MES CHERS CONCITYENS,
Je passe donc le témoin, demain 2 Avril 2021. Ce jour est un des meilleurs de ma vie. Du reste, en 2011, au lendemain de mon élection comme Président la République, beaucoup d’amis m’ont dit que ce n’était pas le moment de me féliciter. Ils m’ont promis de le faire à la fin en souhaitant que celle-ci soit bonne. Je constate, aujourd’hui, qu’ils tiennent cette promesse. Ce jour est un des meilleurs de ma vie parce que, cerise sur le gâteau, vous avez désigné, pour me succéder, mon camarade, mon frère et ami, le Président Mohamed Bazoum. Je considère son élection comme une approbation, par la majorité d’entre vous, des résultats obtenus dans la mise en œuvre du programme de renaissance actes 1et 2. Je considère aussi que cette majorité a porté son choix sur lui parce qu’elle approuve son programme, le Programme de Renaissance acte 3, « consolider et avancer », un programme qui porte la promesse de la poursuite des transformations dans lesquelles le pays est engagé.

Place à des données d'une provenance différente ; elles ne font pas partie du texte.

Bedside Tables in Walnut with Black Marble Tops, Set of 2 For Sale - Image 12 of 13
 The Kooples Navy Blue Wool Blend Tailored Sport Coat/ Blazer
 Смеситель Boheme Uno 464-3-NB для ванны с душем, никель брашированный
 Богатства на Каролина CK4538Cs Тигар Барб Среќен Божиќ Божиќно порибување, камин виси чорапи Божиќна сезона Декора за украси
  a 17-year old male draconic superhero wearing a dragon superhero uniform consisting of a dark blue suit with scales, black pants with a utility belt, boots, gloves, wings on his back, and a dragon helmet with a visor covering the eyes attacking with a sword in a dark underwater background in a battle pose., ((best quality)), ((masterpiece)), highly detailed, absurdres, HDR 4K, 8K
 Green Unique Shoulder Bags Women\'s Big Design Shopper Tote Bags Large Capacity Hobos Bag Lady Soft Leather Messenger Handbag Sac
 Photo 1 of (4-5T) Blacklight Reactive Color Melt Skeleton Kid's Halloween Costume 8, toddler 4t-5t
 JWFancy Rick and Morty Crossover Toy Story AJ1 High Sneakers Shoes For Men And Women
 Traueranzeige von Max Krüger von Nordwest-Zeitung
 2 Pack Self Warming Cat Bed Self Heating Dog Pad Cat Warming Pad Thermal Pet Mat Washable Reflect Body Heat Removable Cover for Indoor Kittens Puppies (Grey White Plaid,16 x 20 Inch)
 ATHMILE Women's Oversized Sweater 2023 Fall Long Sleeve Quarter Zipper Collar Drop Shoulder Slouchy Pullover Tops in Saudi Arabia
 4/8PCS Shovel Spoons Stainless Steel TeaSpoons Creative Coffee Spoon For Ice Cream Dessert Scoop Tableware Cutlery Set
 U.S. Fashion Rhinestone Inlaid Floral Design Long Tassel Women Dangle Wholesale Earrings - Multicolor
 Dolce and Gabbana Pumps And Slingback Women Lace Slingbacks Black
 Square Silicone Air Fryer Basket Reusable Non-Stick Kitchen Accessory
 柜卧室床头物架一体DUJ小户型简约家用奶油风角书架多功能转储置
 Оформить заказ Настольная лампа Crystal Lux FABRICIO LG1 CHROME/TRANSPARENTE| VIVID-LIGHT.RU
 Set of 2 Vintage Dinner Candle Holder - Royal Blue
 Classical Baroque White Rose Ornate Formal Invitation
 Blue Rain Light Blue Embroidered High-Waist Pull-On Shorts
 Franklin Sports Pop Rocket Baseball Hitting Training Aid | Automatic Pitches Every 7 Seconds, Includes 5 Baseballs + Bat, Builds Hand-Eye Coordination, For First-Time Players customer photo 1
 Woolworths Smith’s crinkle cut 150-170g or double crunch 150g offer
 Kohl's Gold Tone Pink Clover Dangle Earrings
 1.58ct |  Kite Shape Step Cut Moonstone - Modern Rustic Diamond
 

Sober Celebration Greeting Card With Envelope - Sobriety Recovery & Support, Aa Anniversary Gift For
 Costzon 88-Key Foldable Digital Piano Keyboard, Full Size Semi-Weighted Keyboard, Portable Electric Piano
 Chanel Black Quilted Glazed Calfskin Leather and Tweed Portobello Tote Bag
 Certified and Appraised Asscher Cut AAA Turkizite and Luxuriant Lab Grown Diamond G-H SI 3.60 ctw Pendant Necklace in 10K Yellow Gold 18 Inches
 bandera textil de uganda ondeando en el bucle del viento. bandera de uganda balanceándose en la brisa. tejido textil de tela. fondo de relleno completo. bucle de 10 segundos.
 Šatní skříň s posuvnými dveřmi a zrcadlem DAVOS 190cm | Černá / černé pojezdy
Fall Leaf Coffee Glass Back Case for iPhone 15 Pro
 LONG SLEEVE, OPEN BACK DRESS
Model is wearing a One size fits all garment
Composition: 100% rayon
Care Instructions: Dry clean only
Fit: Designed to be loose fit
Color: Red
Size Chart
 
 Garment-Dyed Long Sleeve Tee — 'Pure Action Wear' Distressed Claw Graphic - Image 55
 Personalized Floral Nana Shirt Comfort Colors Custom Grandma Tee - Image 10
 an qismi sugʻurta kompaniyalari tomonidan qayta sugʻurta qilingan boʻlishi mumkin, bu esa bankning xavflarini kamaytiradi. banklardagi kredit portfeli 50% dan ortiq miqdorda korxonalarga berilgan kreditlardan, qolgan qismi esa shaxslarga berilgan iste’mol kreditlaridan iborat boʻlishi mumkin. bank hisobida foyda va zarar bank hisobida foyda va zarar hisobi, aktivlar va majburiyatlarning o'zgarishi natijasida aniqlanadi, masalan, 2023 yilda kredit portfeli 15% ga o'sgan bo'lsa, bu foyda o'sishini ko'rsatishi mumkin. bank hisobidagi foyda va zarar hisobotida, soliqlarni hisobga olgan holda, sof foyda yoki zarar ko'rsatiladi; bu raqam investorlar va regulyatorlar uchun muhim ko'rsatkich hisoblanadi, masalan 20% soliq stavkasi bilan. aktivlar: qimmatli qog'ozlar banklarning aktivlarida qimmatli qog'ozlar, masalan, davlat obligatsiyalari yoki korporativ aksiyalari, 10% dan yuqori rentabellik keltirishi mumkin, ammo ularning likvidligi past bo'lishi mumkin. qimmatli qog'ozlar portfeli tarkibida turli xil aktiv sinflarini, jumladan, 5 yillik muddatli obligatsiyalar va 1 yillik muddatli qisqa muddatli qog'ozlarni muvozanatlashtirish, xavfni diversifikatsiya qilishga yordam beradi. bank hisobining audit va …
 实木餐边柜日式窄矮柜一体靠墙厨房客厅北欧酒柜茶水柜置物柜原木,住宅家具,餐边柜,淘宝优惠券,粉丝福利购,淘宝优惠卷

Au-delà de cette majorité qui l’a porté au pouvoir, je vous demande tous de vous joindre à lui, de le soutenir et d’écrire avec lui de nouvelles et belles pages de l’histoire de ce pays qui nous est si cher : le Niger.
Au revoir mes chers concitoyens. Que Dieu vous garde et vous bénisse. Que Dieu garde et bénisse le Niger.